> **PROBLEM TO SOLVE**
Repeat the data exactly, leaving out any image.

··· GIVEN RECORDS

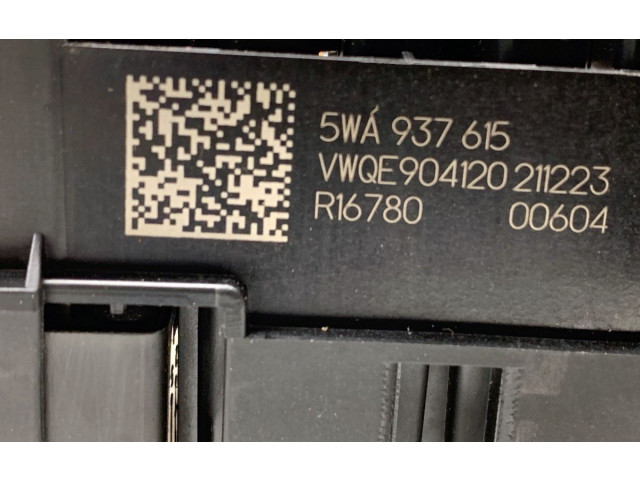 Блок предохранителей 5WA937615 Skoda Octavia Mk4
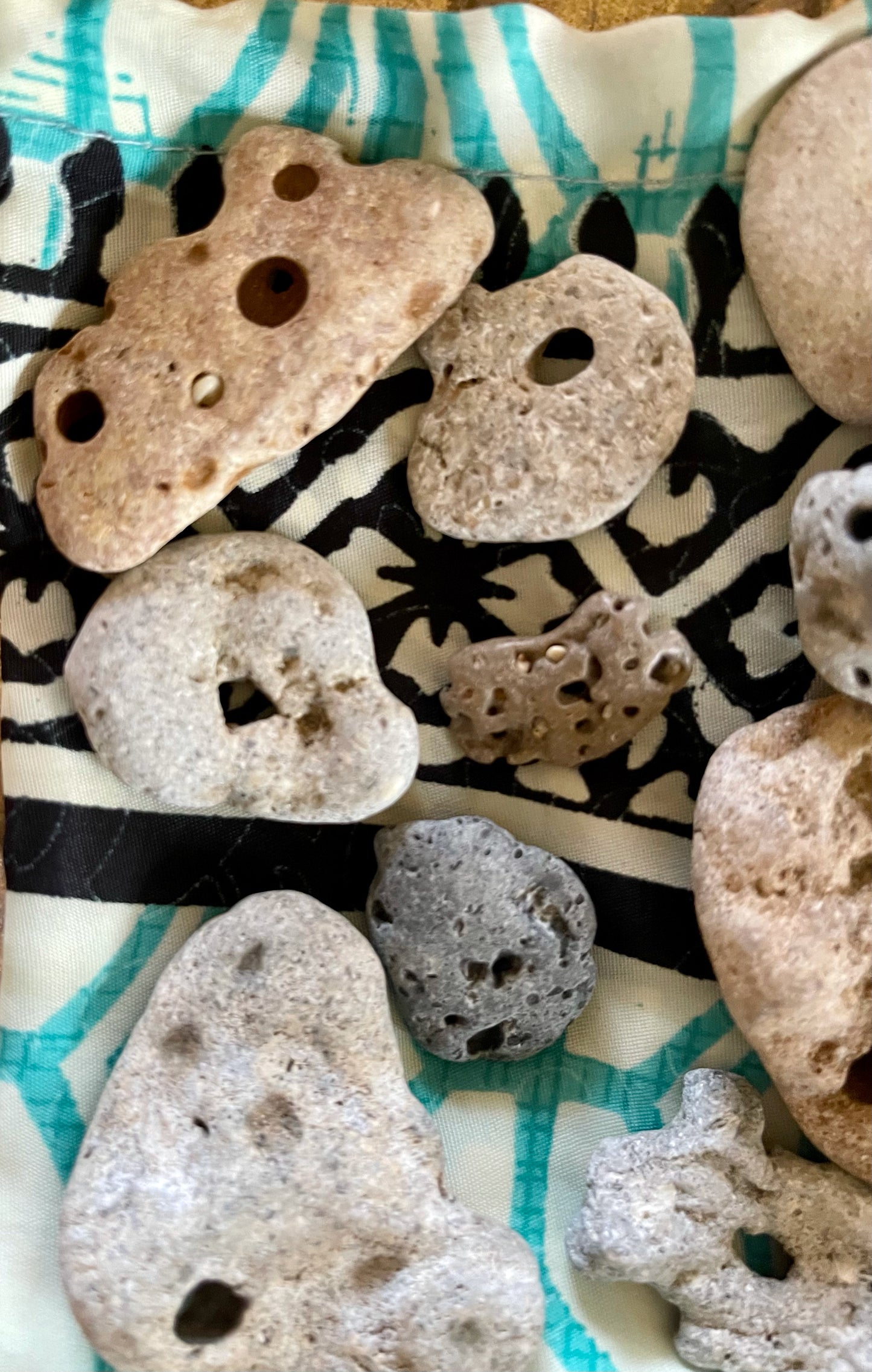 Lot of Hag Stones, NOT DRILLED Beach Stones, Good Luck Water Amulet, Bodhi Magic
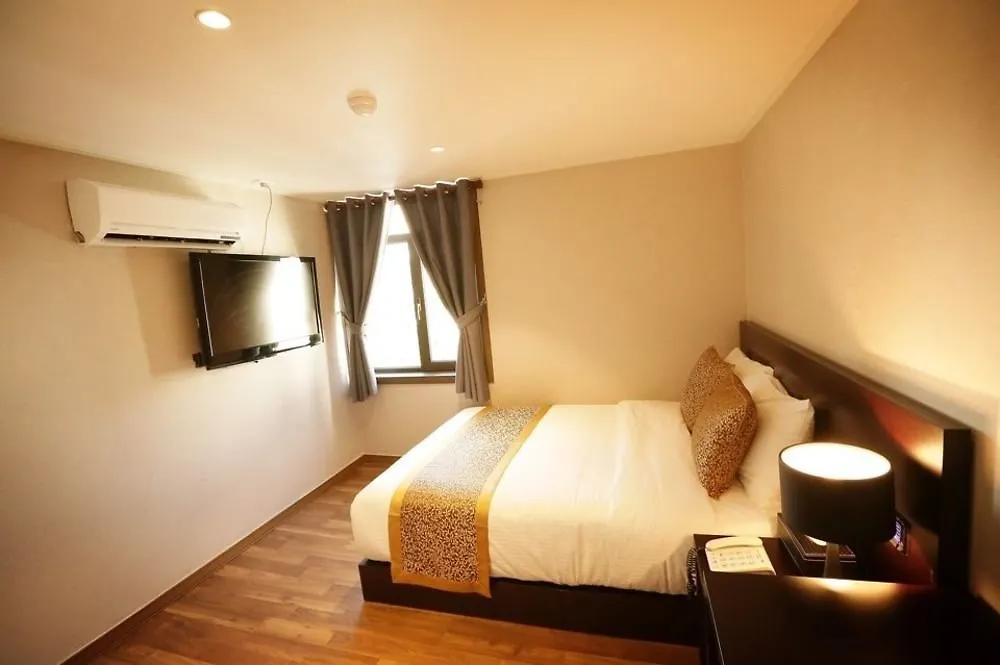 Iwell Hotel Jeju Güney Kore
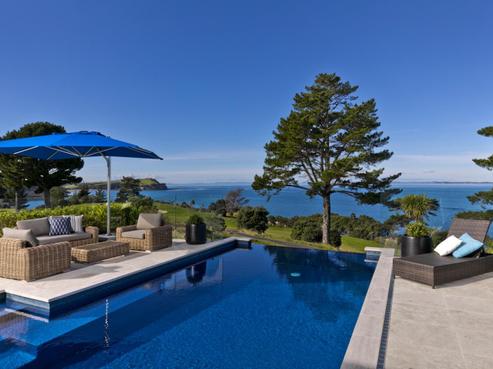 8 Pacific Cliffs Drive, Gulf Harbour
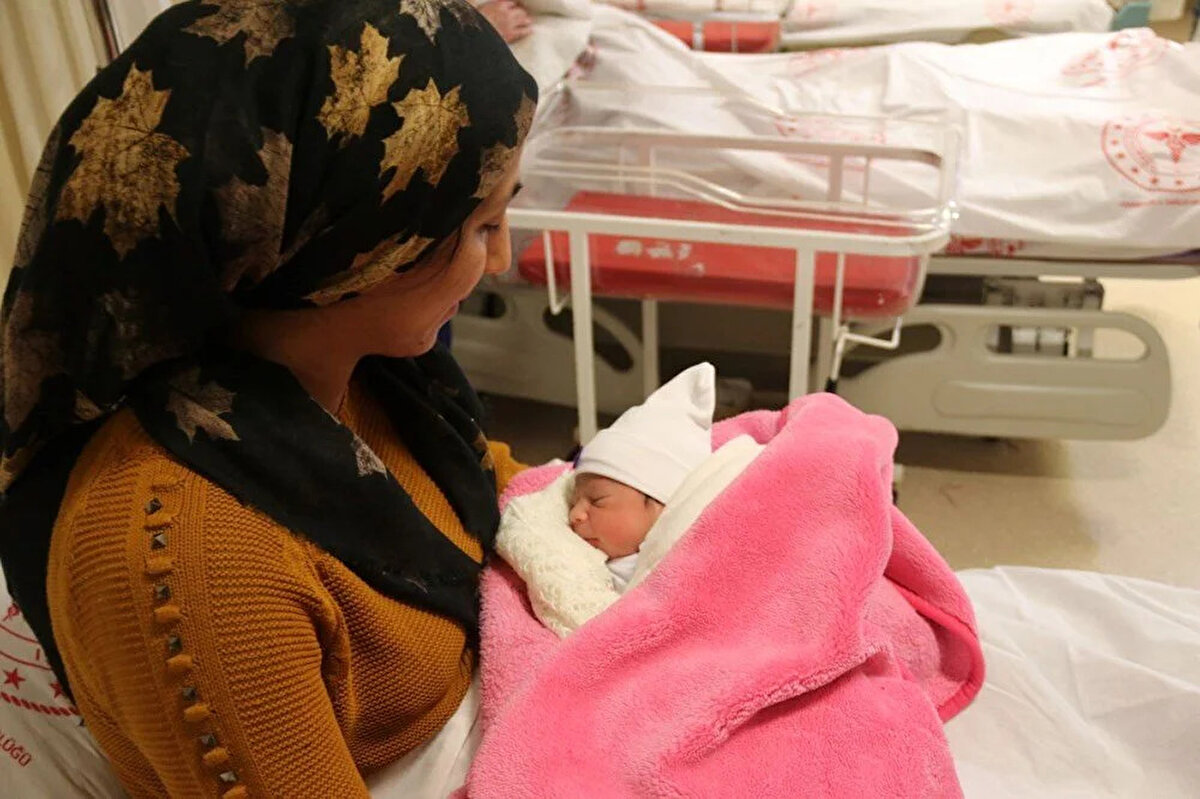 Anne Fatma Şimşek, gazetecilere, sağlıklı bir bebek dünyaya getirdiği ve ilk çocuğunu kucağına aldığı için mutlu olduğunu belirtti.<br><br>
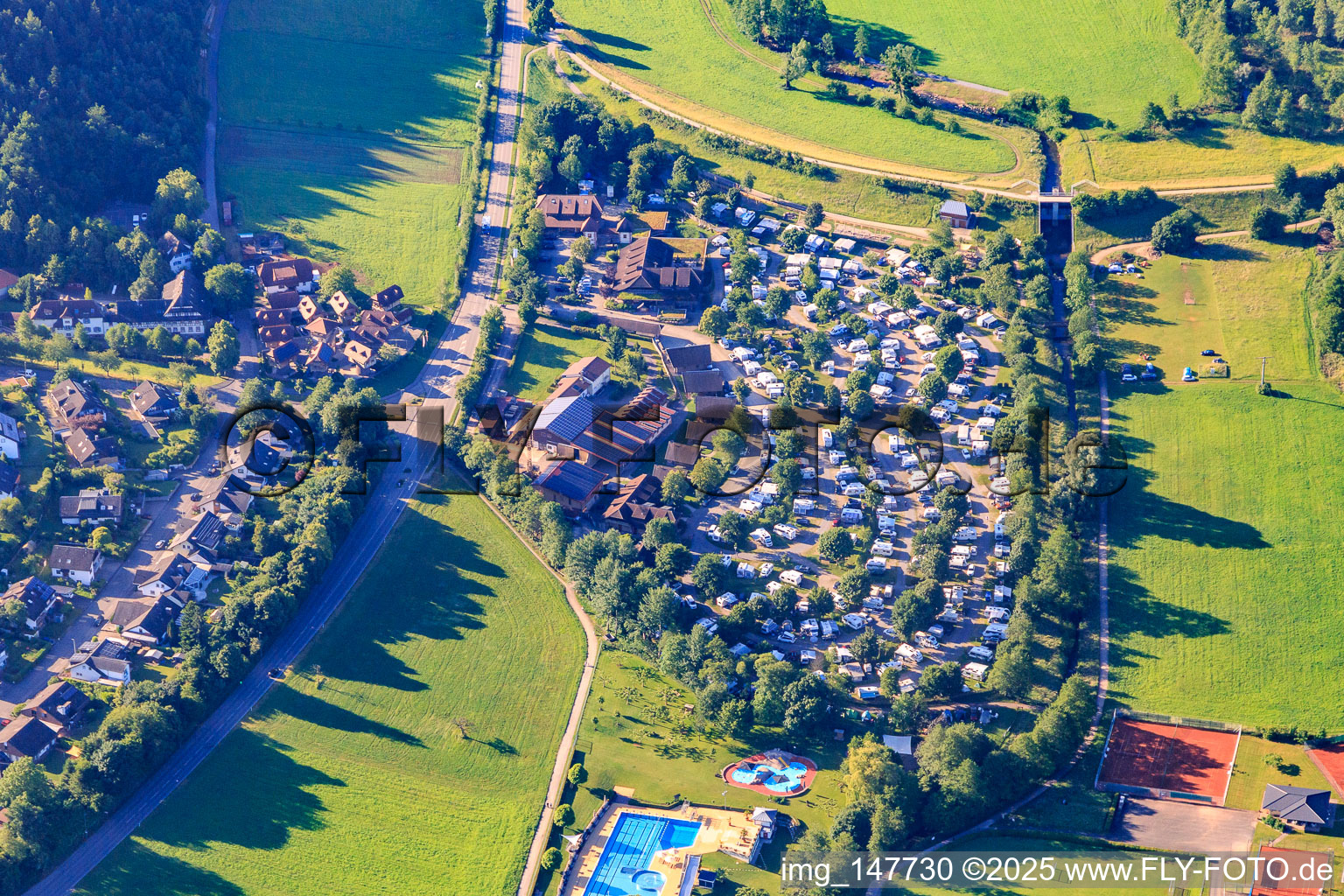 Ferienparadies Schwarzwälder Hof, Campingplatz Spielscheune am Familienbad Seelbach im Bundesland Baden-Württemberg, Deutschland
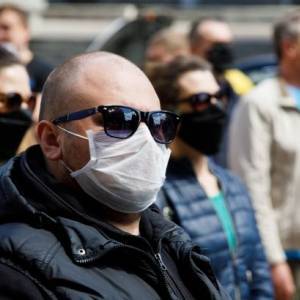В Украине за сутки более 10 тысяч случаев коронавируса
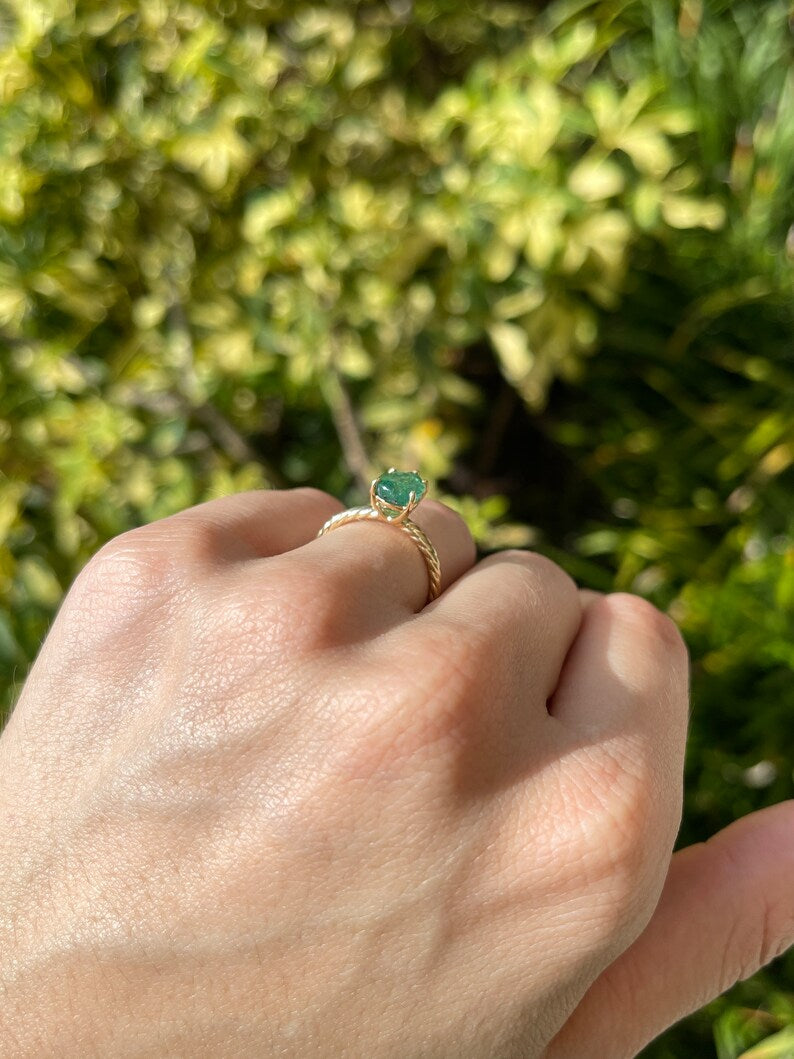 1.95ct 14K Pear Cut Emerald Solitaire Ring – Lush Green Twisted Band 585 Yellow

······

> **EXERCISE RESULT**
 Блок предохранителей 5WA937615 Skoda Octavia Mk4
 Lot of Hag Stones, NOT DRILLED Beach Stones, Good Luck Water Amulet, Bodhi Magic
 Iwell Hotel Jeju Güney Kore
 8 Pacific Cliffs Drive, Gulf Harbour
 Anne Fatma Şimşek, gazetecilere, sağlıklı bir bebek dünyaya getirdiği ve ilk çocuğunu kucağına aldığı için mutlu olduğunu belirtti.<br><br>
 Ferienparadies Schwarzwälder Hof, Campingplatz Spielscheune am Familienbad Seelbach im Bundesland Baden-Württemberg, Deutschland
В Украине за сутки более 10 тысяч случаев коронавируса
 1.95ct 14K Pear Cut Emerald Solitaire Ring – Lush Green Twisted Band 585 Yellow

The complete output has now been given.